Flying people to the Moon, Mars and beyond may become a lot easier in the near future, if only agencies such as NASA would rely more on genetic engineering to meet this objective.

In fact, according to a leading expert in the field, manned space exploration could accelerate in leaps and bounds, and reach destinations that are currently thought of as impossible to get to.

More genetic screening and genetic engineering are now being touted as fail-safe mechanisms of improving humankind's chances of reaching the stars. The announcement was made in Moffett Field, California, on October 30.


The speaker was expert J. Craig Venter, a pioneer in genomics studies, and the biologist who founded the J. Craig Venter Institute.

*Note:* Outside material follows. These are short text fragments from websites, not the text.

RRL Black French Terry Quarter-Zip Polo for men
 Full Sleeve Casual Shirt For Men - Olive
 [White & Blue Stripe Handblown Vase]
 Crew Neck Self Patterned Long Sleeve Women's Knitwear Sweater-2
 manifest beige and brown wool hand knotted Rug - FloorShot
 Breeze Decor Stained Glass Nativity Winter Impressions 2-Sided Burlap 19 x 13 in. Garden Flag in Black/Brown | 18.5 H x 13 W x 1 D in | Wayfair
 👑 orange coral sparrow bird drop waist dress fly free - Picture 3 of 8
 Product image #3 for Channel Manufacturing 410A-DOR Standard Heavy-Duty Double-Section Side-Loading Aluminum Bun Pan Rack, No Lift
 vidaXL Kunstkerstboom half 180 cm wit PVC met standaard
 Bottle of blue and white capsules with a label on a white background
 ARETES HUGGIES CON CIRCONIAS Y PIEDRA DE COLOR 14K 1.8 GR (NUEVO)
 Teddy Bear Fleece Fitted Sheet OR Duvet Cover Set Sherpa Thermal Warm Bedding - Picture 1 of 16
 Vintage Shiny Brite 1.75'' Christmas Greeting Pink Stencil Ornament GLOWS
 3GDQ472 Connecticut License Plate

The research organization created the first synthetic organism a few months ago.

One of Venter's main ideas was that screening for individuals that may be better genetically equipped to survive a mission to space would make the entire selection process cheaper and easier, and also help improve the efficiency of future missions.

“I think this could change the shape of what NASA does, if you make the commitment to do it,” explained the researcher at the conference, quoted by Space.

Venter was also in charge of an international team of scientists, that decoded the entire human genome some 10 years ago, Space reports. The meeting took place at the NASA Ames Research Center.

There were in fact two meetings held at the Center, one sponsored by NASA and dealing with synthetic biology, and the other by the Space Studies Institute, which was called Space Manufacturing 14: Critical Technologies for Space Settlement.

One of the most interesting ideas that the expert showcased was that of synthetic astronauts, people whose genomes would be tinkered with so that they express a host of abilities rarely found in other individuals.

The issue here is not as much as giving an individual an ability, but collecting a large number of traits, and putting them all together in a man or woman.

Venter explains that, for instance, future astronauts could be engineered to have better gut flora, less harmful bacteria in sweat, or produce no sweat at all. Their DNA could also be tweaked so that it can repair itself after being exposed to cosmic radiation.

But even the biologist admits that the work on this is still in its earliest stages. A few more years will have to pass before experts can consider there ideas, and weigh their moral and ethical implications.

“I can't think of an organization that could benefit from synthetic genomics more than NASA,” Venter concluded in his speech.